I understand that the abuse of a child is the worst possible offense. Sandusky (All I'm trying to do is keep the horror over what Sandusky did from impacting my view of the facts in relation to the actions of others. It's hard to separate because this is the worst thing ever. The disgust and revulsion over what Sandusky did carries over to everybody else no matter how little they may have known about it. Every single person on that campus, everybody who ever played there is now looked at with a twinge of suspicion. How could that have gone on and they didn't see or hear anything?

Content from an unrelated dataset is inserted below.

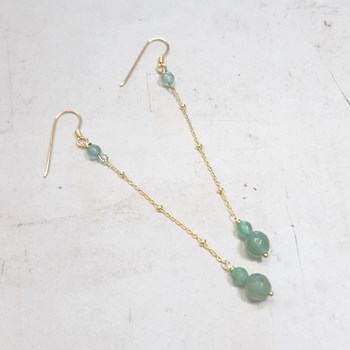 Boucles D'Oreilles en Argent 925 Doré et Aventurine Xingu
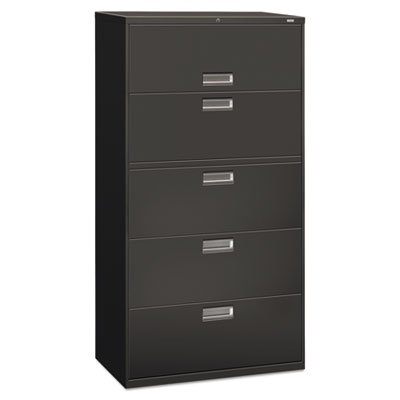 HON 600 Series Five-Drawer Lateral File, 36w x 19-1/4d, Charcoal HON685LS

That goes to my argument that institutions are often irreparably harmed by allegations of this nature. Sex scandal at the college no matter who reports it? College becomes "that place where they were raping kids." Your best friend, business associate and partner is raping kids? Even if you're the whistleblower people will still wonder what you knew, how long it went on, why you didn't come forward sooner. Just happens. You become "the law firm where that guy was raping kids."
When there's a definitive answer to what Paterno knew and when, or if something else comes out (and it may, but that's not a given either) THEN decide what his ultimate fate is. He's been removed from his job and is the target of public scrutiny.
Call me whatever you want, but a 60-year history of (from all we know) doing things the right way qualifies the guy for at least the possibility that things are not as they appear on the surface and that maybe we're not seeing something or that we're seeing something we need to see to find an outlet for our collective rage.
There's the strong possibility that as this goes on and we learn more details I'll pick up rocks, too. I'll throw some with you if it's proven that he was as complicit as most of you have already decided he was. I just want to know and I want it to be without "must have" or "had to" speculation.
Before you go on a rampage, I'm not saying this is on the same scale at all, but how many times were we subjected to the argument that Cam "must have" known this, that or the other? We all accept that he lived in the same house with his father, was invested in the life decisions that were being made and had no knowledge of his dad's activities at all. That's perfectly plausible.
But now I'm Satan for suggesting that it's possibly plausible Paterno had limited knowledge (whether it was willfully limited or not is another discussion)? Not that it excuses his actions, but at least it puts some semblance of order to them and helps me understand? For that "I'm not the person you knew?" Hmmm. That's curious to me. I have no response to that.
Right now, PSU took steps to protect its image. Was firing Paterno an effort to help any of the kids? No, it was an effort to save face. That pisses me off. They fired him hoping that things will go easier on them down the road if more comes out. That's what bothers me, I guess.
If it was as widespread as it seems are the three or four who are gone the ONLY people who could have known?
Did McQueary not ever speak of it again except to his dad? Did the janitors not tell their wives or girlfriends? Tell somebody over drinks at the bar?
It's an awful, horrible thing. The focus on Paterno as if he is the devil incarnate and the only person capable of stopping this years ago is where I begin to lose grips with it.